St. Peter lived to die another day, the news, and pray for Sister Mercy…

St. Peter lived to die another day, the news, and pray for Sr. Mercy Skip to content

Hey everybody,

Today is the feast of St. Peter in Chains, which commemorates St. Peter’s rescue from jail, as recounted in the Book of Acts.

“The liberation of St. Peter,” 1640s. Antonio de Bellis.

If you don’t know the Biblical story, it’s quite cool. 

Peter was arrested in Jerusalem, after being harassed by Herod II. 

There were a few Herods operating in the Holy Land in the days of Jesus and the early Church, and they can be hard to keep straight. This Herod was the grandson of the Herod who ordered the slaughter of the innocents at the time of Jesus’ birth. He was not the Herod involved in the death of St. John the Baptist, or that of the Lord himself.

But this Herod is the last of the Herods, and he did have James the Great, one of the apostles, martyred. 

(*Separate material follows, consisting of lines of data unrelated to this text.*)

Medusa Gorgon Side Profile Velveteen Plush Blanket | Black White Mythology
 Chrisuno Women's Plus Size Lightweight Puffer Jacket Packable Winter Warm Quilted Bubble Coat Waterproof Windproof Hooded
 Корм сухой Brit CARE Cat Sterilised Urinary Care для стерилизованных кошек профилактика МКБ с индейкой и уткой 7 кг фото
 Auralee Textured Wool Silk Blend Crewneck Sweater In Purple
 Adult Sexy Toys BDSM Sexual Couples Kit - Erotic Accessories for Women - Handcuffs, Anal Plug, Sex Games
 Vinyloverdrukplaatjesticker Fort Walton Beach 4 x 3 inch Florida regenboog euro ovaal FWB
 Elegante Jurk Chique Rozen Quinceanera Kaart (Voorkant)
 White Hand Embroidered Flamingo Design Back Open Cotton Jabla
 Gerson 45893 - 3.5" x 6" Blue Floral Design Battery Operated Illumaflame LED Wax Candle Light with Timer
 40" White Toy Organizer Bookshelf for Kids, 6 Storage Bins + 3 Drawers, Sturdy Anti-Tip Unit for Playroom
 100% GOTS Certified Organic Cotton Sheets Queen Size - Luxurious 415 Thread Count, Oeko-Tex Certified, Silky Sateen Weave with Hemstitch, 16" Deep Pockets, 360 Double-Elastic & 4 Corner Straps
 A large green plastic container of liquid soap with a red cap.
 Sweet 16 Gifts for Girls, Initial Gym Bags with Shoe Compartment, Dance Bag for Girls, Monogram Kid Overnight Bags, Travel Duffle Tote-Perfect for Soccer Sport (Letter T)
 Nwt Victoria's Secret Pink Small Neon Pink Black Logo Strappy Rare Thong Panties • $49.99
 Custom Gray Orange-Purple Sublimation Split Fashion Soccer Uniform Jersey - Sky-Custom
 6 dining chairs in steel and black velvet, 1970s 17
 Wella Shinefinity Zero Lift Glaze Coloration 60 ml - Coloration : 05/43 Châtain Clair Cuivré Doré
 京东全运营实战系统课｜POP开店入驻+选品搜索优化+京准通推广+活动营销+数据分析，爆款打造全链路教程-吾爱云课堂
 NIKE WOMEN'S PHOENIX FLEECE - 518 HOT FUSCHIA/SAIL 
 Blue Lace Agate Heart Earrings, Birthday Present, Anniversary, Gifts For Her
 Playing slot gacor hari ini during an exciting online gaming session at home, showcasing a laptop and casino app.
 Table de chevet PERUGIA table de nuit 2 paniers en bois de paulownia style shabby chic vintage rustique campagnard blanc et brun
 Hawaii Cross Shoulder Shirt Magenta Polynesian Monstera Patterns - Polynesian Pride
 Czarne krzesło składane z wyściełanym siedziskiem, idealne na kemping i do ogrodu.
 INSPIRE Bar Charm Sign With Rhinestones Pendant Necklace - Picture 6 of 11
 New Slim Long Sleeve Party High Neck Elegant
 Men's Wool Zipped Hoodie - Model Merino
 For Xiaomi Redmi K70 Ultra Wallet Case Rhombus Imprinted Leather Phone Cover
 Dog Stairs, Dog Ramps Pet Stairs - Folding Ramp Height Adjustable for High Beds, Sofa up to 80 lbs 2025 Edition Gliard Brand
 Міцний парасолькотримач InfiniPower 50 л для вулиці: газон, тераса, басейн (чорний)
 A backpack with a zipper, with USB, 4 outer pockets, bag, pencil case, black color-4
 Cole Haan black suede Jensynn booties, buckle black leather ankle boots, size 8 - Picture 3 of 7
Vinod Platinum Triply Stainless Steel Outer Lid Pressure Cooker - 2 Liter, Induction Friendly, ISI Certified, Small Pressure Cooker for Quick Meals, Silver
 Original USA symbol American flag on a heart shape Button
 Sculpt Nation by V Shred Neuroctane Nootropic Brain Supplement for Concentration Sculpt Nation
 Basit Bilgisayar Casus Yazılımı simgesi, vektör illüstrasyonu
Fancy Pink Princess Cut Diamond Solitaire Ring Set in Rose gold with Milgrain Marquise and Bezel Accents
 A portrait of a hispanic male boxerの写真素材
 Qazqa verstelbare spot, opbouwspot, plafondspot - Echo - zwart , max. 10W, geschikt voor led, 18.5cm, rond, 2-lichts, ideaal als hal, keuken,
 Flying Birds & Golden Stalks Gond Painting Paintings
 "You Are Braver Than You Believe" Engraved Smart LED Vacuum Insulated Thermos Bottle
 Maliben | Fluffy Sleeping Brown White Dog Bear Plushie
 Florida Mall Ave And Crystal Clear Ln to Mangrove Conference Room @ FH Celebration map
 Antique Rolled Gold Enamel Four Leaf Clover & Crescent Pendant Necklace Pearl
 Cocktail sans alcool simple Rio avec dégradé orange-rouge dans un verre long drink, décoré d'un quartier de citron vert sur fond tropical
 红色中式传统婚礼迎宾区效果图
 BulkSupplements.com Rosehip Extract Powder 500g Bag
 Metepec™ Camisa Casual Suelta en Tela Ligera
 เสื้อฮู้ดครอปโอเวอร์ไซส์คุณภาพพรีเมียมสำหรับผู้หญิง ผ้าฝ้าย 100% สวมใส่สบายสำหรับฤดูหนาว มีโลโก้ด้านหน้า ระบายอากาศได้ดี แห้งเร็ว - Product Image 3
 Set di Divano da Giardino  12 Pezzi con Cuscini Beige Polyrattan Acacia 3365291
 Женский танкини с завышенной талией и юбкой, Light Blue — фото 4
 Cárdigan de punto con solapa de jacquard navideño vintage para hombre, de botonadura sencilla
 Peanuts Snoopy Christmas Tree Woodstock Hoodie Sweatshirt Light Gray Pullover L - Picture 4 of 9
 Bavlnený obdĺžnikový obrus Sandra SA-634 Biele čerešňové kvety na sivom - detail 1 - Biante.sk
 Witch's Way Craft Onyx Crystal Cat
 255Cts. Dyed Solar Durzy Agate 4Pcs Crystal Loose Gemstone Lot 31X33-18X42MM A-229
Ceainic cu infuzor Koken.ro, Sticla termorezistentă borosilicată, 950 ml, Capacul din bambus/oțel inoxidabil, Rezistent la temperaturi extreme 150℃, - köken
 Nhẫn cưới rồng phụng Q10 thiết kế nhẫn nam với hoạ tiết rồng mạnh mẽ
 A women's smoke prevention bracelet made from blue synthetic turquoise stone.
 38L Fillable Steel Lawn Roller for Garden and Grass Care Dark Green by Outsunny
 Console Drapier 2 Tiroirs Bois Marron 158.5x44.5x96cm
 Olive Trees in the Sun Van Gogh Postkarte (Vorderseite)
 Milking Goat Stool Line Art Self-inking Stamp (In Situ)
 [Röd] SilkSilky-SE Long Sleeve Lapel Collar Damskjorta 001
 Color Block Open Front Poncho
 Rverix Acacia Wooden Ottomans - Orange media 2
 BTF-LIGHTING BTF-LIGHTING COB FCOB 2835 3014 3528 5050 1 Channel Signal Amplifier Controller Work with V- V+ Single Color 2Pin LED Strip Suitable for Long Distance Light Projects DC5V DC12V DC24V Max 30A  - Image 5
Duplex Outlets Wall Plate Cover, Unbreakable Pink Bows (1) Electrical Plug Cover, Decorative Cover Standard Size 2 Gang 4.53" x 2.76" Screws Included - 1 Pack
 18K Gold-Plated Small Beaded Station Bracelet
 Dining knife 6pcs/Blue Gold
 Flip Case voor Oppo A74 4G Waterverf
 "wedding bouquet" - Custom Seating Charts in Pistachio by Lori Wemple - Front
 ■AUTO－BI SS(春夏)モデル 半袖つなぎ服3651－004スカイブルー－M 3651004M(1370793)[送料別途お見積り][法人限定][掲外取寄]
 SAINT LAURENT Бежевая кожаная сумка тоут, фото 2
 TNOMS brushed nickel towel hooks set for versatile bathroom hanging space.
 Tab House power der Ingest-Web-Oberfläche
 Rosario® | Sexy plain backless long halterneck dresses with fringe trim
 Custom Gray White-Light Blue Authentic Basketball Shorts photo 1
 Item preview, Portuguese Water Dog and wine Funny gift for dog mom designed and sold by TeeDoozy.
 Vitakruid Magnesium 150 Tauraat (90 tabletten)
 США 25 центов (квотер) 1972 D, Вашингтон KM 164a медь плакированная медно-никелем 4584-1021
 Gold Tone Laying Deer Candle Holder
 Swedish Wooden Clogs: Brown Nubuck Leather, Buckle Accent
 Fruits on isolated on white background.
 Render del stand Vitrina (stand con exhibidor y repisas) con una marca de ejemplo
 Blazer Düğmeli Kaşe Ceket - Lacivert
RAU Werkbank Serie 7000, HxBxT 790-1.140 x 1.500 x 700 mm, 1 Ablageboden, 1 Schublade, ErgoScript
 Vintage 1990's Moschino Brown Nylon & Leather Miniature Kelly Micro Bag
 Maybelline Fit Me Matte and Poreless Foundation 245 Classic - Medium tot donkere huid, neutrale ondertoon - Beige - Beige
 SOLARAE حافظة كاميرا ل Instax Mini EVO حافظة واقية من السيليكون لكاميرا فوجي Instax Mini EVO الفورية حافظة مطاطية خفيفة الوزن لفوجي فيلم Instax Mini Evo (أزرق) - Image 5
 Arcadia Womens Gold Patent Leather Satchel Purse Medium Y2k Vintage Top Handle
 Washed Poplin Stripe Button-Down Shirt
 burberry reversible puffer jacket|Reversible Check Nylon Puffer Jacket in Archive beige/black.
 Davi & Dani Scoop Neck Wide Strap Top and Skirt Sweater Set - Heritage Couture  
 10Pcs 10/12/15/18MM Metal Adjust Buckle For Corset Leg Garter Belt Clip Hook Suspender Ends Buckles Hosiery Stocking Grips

Herod II might have had Peter killed too, but God had different plans for him. As Peter slept one night bound in chains, under heavy guard, an angel appeared. Peter actually thought it was a vision, the Scripture said, and not an actual happening at all. 

But the chains fell from Peter’s wrists, and the angel told him to get dressed, and then led him past the guards and into the city. Then Peter met with a group of early Christians, and was soon out of the city and off on his way.

It’s an extraordinary account of the Lord’s providence, and his particular plan for Peter, the rock on whom that Church depended. 

But it’s worth remembering that God didn’t spare Peter so that he could disappear into a life of comfort, having already done his bit for the Kingdom. Nor did Peter start giving Ted talks and making money, as the guy who was “touched by an angel.”

This wasn’t the end for St. Peter — he was loosed from his chains because the Lord still had work for him to do. 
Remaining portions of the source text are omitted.